When you transcribe the listing, keep each line exact and drop the pictures.

Listed entries:
======

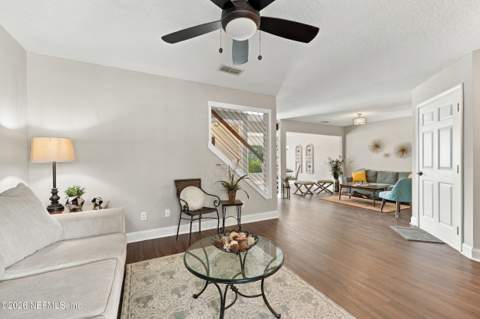 1615 Vineland Circle #B, Fleming Island FL - photo 10 of 63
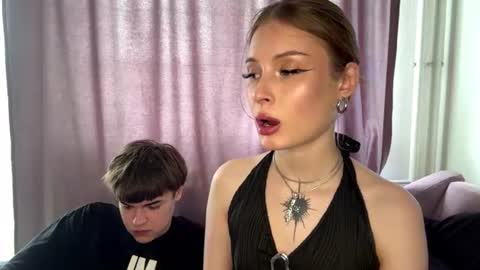 Kaithie and Jessie online show from 07/08/26, 12:20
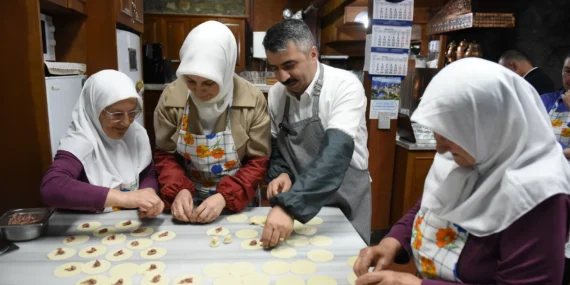 Yıldırım’da kadın emeğine destek: 15 kooperatif, 30 merkez, yeni pazarlar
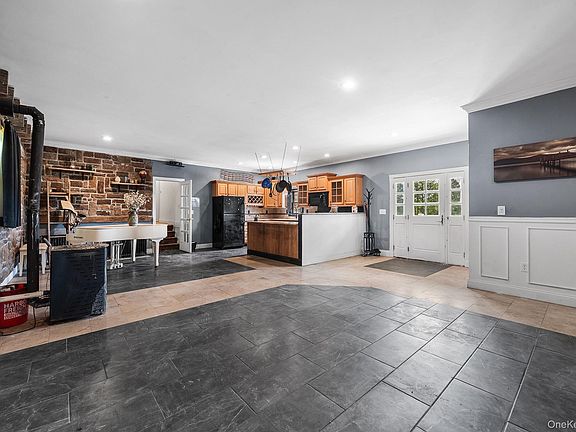 5th image of 149 Valley View Avenue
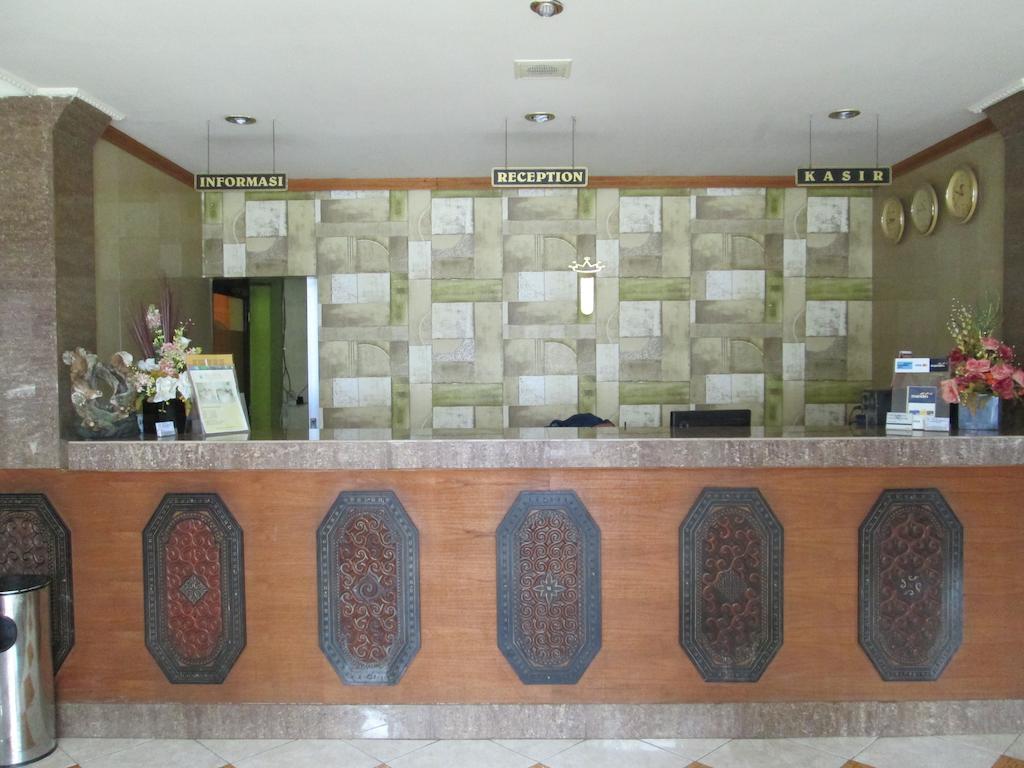 Hotel Istana Makassar Ngoại thất bức ảnh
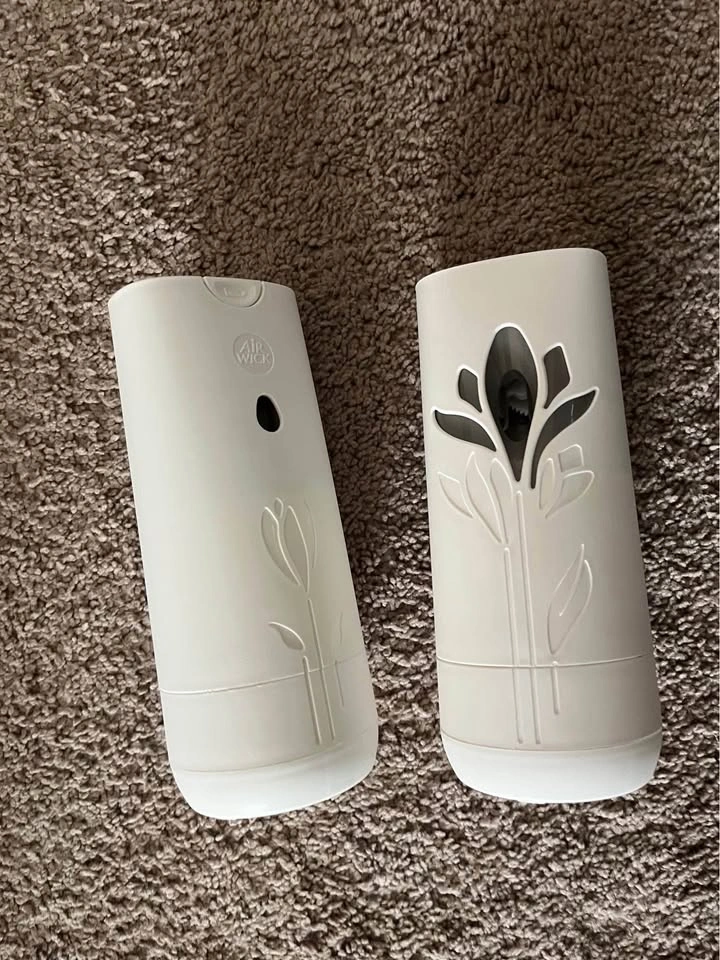 Airwick air freshener dispenser (2 pieces)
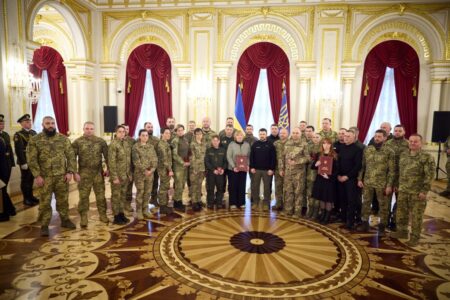 Українські добровольці б’ються щоденно за нашу державу й неодмінно переможуть – Володимир Зеленський зустрівся з воїнами, які захищають Україну у складі різних підрозділів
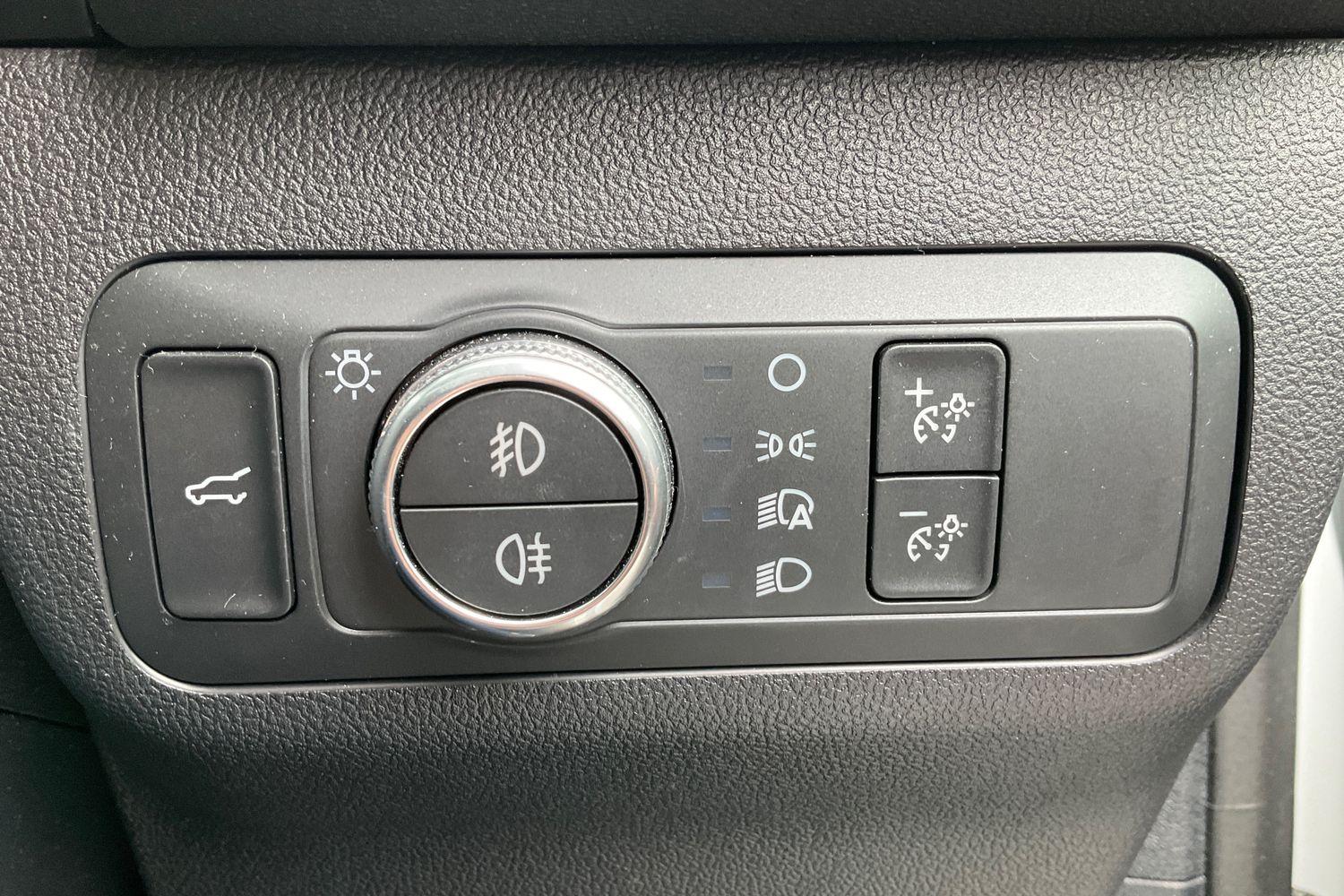 Ford KUGA Photo 36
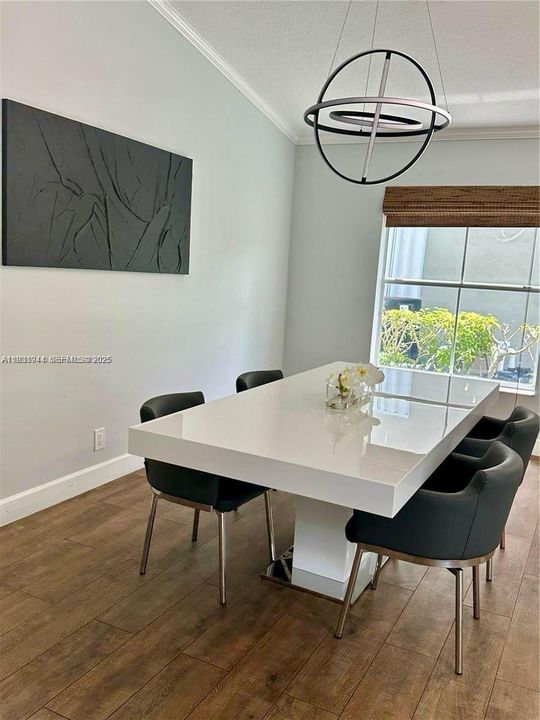 For Rent: $5,500 (4 beds, 2 baths, 2055 Square Feet)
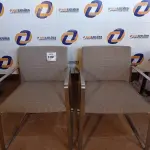 LOTE 109 - 02 CADEIRAS ESTOFADAS COM PÉS CROMADOS (CHAIRS). (NO ESTADO EM QUE SE ENCONTRA. SUJEITO A AVARIAS OCULTAS/VISÍVEIS.)0000075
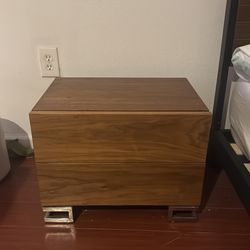 Bed side table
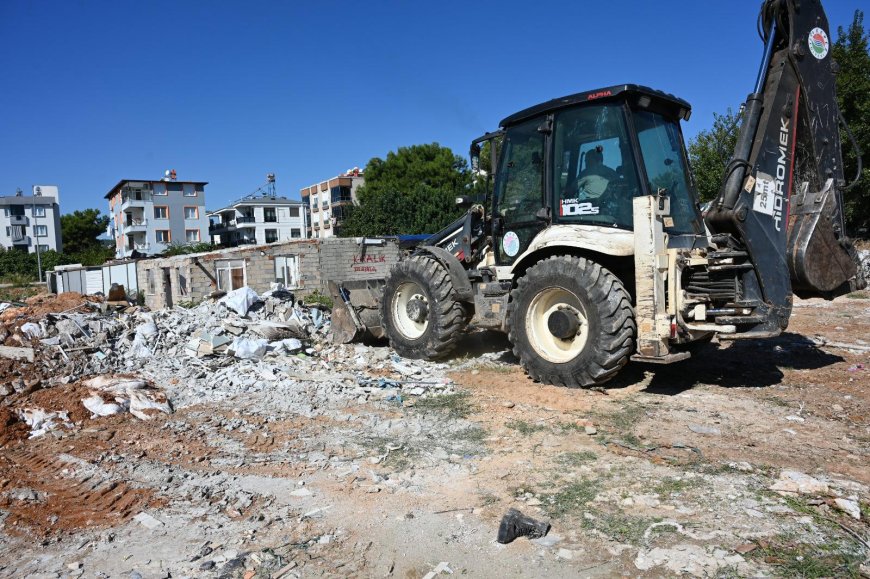 Kepez’de eski hayvan pazarı alanından 30 kamyon atık çıkarıldı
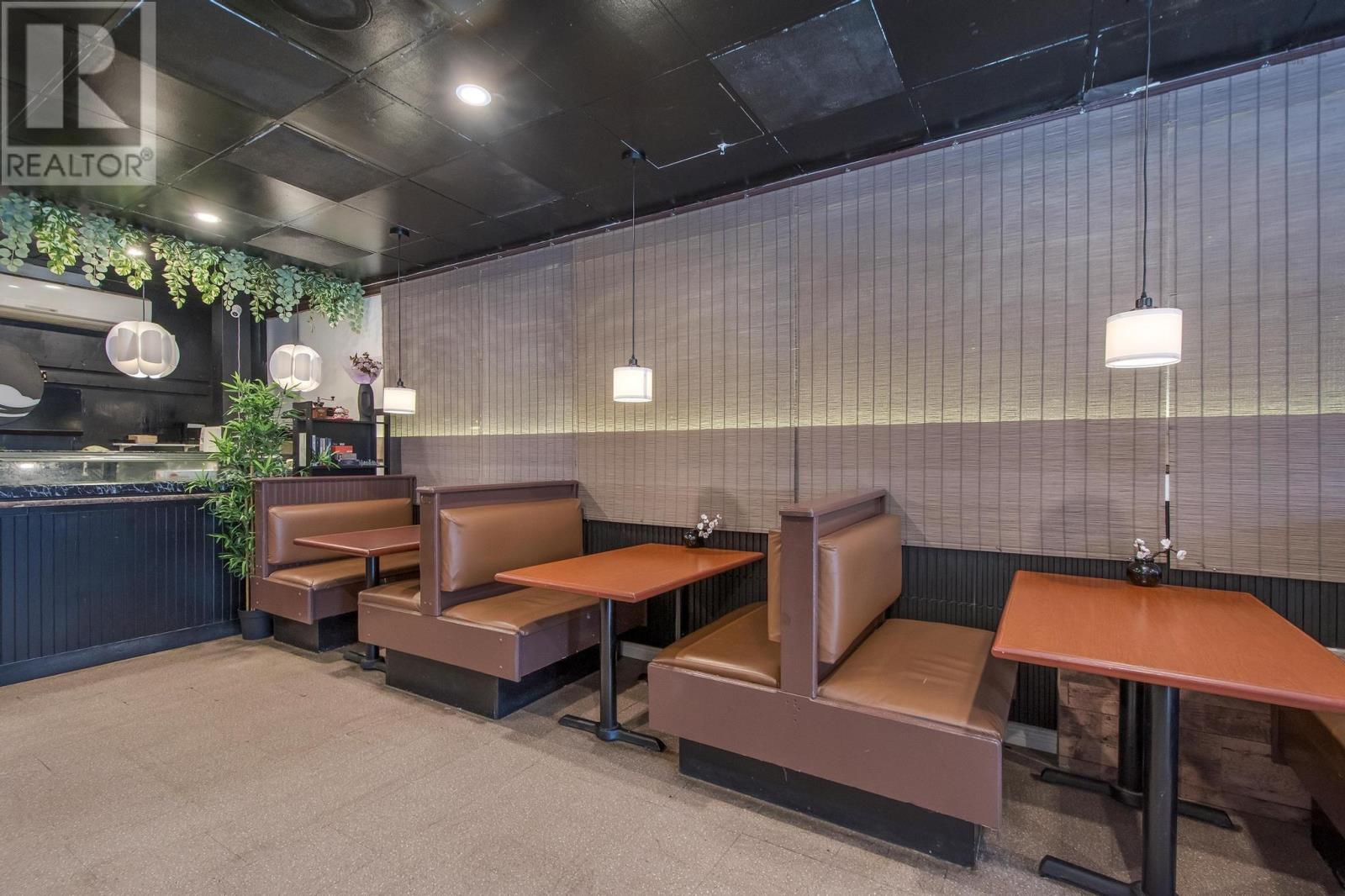 6253 Quinpool Road, Halifax, Nova Scotia  B3L 1A4 - Photo 10 - 202501873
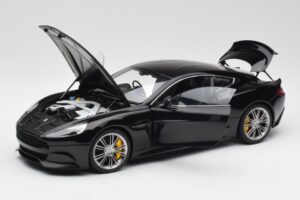 Aston Martin Vanquish オニキスブラック AUTOart 1:18 70247 メタル - 画像 2/8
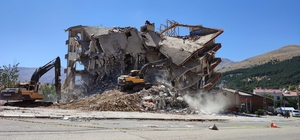 Çelikhan'da ağır hasarlı binaların yıkımı sürüyor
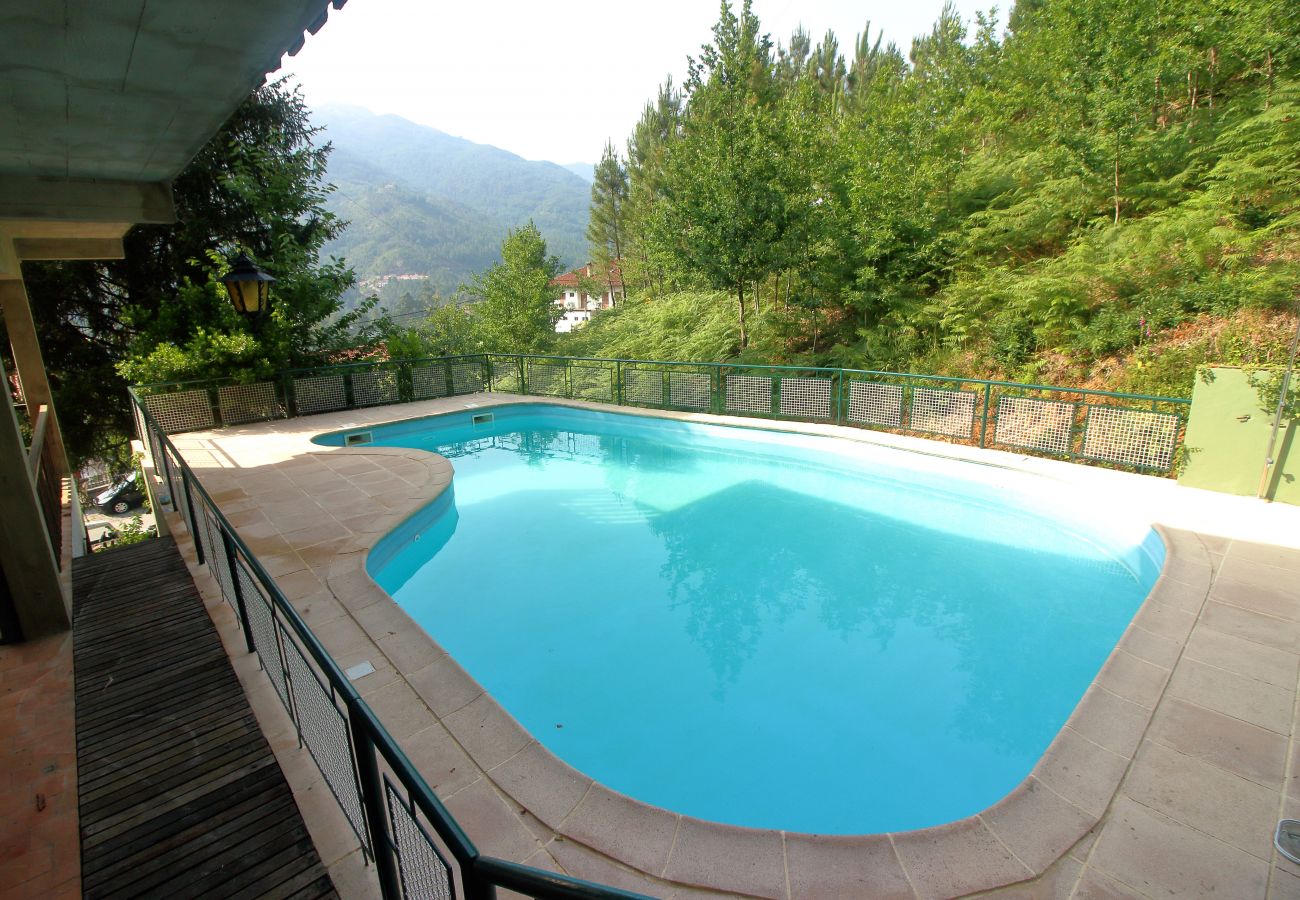 Casa em Gerês - Casa com piscina privada e campo de ténis no Gerês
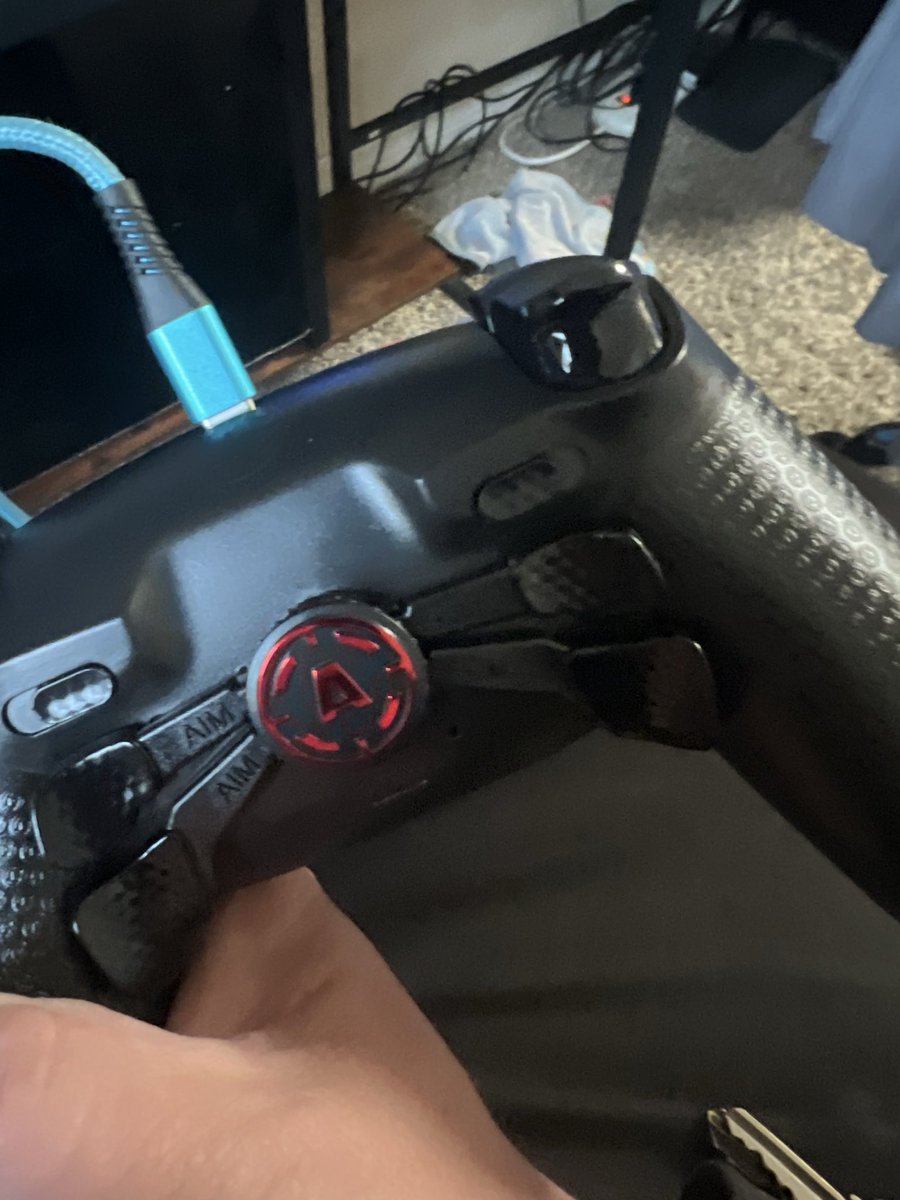 Brandon Fox tweet media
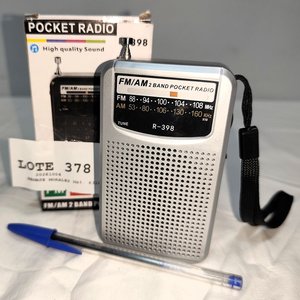 Radio Portátil AM/FM Nueva en Caja - imagen 2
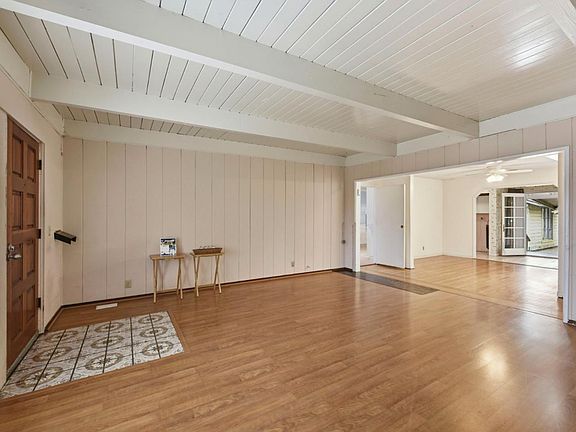 5th image of 22444 Fuller Ave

======

Exercise answer:
 1615 Vineland Circle #B, Fleming Island FL - photo 10 of 63
 Kaithie and Jessie online show from 07/08/26, 12:20
 Yıldırım’da kadın emeğine destek: 15 kooperatif, 30 merkez, yeni pazarlar
 5th image of 149 Valley View Avenue
 Hotel Istana Makassar Ngoại thất bức ảnh
 Airwick air freshener dispenser (2 pieces)
 Українські добровольці б’ються щоденно за нашу державу й неодмінно переможуть – Володимир Зеленський зустрівся з воїнами, які захищають Україну у складі різних підрозділів
 Ford KUGA Photo 36
 For Rent: $5,500 (4 beds, 2 baths, 2055 Square Feet)
 LOTE 109 - 02 CADEIRAS ESTOFADAS COM PÉS CROMADOS (CHAIRS). (NO ESTADO EM QUE SE ENCONTRA. SUJEITO A AVARIAS OCULTAS/VISÍVEIS.)0000075
 Bed side table
 Kepez’de eski hayvan pazarı alanından 30 kamyon atık çıkarıldı
 6253 Quinpool Road, Halifax, Nova Scotia  B3L 1A4 - Photo 10 - 202501873
 Aston Martin Vanquish オニキスブラック AUTOart 1:18 70247 メタル - 画像 2/8
 Çelikhan'da ağır hasarlı binaların yıkımı sürüyor
 Casa em Gerês - Casa com piscina privada e campo de ténis no Gerês
 Brandon Fox tweet media
 Radio Portátil AM/FM Nueva en Caja - imagen 2
 5th image of 22444 Fuller Ave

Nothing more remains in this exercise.